• _EXERCISE GOAL_:
Please state how many lines in the records below contain the word "Used", giving only the number.

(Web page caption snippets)
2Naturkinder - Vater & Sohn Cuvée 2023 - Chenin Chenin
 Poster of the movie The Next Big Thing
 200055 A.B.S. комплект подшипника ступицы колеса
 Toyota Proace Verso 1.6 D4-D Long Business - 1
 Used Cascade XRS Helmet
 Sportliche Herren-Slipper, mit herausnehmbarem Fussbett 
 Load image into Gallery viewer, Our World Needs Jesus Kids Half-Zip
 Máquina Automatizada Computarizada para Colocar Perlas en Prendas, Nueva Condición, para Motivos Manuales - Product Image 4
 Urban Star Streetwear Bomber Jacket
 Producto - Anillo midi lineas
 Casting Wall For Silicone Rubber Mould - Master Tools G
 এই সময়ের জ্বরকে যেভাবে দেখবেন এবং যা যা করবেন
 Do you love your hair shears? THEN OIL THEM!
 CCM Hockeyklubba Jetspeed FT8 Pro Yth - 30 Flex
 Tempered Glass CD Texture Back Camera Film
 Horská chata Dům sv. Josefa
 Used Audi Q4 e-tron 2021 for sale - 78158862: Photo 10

• _RESULT OF THIS TASK_:
2